Furthermore, Texas courts apply the UCC when dealing with option contracts. The Austin Court of Appeals held that an option to purchase a forklift was unenforceable because it failed to satisfy the statute of frauds. W.H. McCrory & Co., Inc., 691 S.W.2d at 721. The option, which was connected to an equipment lease, was characterized as a contract for the sale of goods. Id. at 720. The court held that the contract did not comply with Texas Business and Commercial Code § 2.201. Id. at 719-720. In addition, Texas courts have also held that option contracts involving the sale of securities must satisfy the statute of frauds. Kenney v. Porter, 604 S.W.2d 297, 302-04 (Tex.Civ.App.-Corpus Christi, 1980 writ ref'd n.r.e).
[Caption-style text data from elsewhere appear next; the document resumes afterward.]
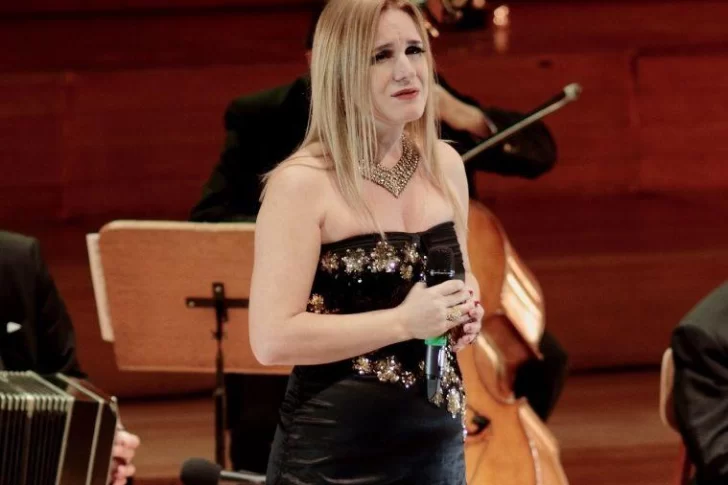 Carolina San Juan se viste de Gala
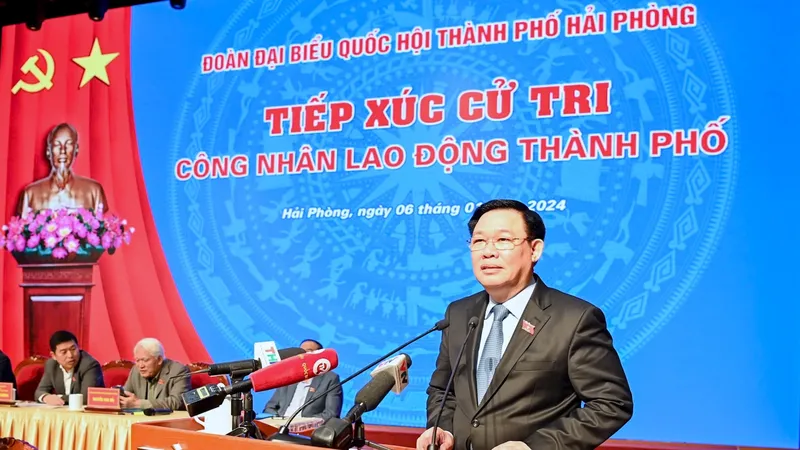 Chủ tịch Quốc hội Vương Đình Huệ phát biểu tại cuộc tiếp xúc với cử tri thành phố Hải Phòng. Ảnh: VIẾT CHUNG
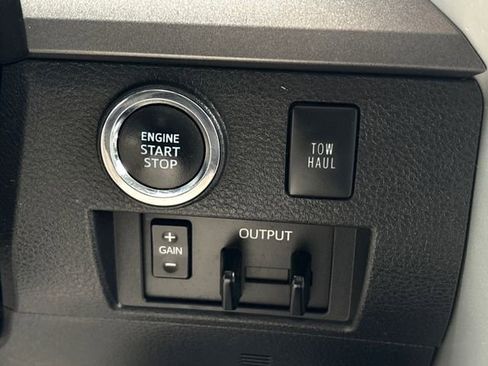 Used 2021 Toyota Tundra SR5 w/ TRD Off-Road Package image 21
Moreover, other jurisdictions hold that option contracts are subject to the statute of frauds. Option contracts for the sale of land or personal property must satisfy the statute of frauds. See In re Air Vermont, Inc., 44 B.R. 446, 450 (Bankr.D.Vt.1984). Also, UCC § 2-201 has been held applicable to an alleged option contract involving the sale of an airplane. McCollum Aviation, Inc. v. CIM Associates, Inc., 446 F.Supp. 511, 513 (S.D.Fla.1978).
Although this Court would classify the agreement between RxP and M-C as an option contract, the agreement fails to sufficiently state a quantity term and therefore does not satisfy the statute of frauds. Thus, there is no valid and enforceable contract between M-C and RxP. Accordingly, this Court concludes that the magistrate judge's decision is incorrect and is hereby REVERSED and RENDERED.
1. Throughout this opinion there will be specific statutory references to the Texas Business and Commerce Code, which contains the applicable provisions of the Uniform Commercial Code as adopted by the Texas legislature.
2. The following are illustrations of option contracts:1. A promises B under seal or in return for $100 paid or promised by B that A will sell B 100 shares of stock in a specified corporation for $5,000 at any time within thirty days that B selects. There is an option contract under which B has an option; and2. A offers to sell B Blackacre for $5,000 at any time within thirty days. Subsequently A promises under seal or in return for $100 paid or promised by B that the offer will not be revoked. There is an option contract under which B has an option. restatement (Second) Contracts § 25 (1979).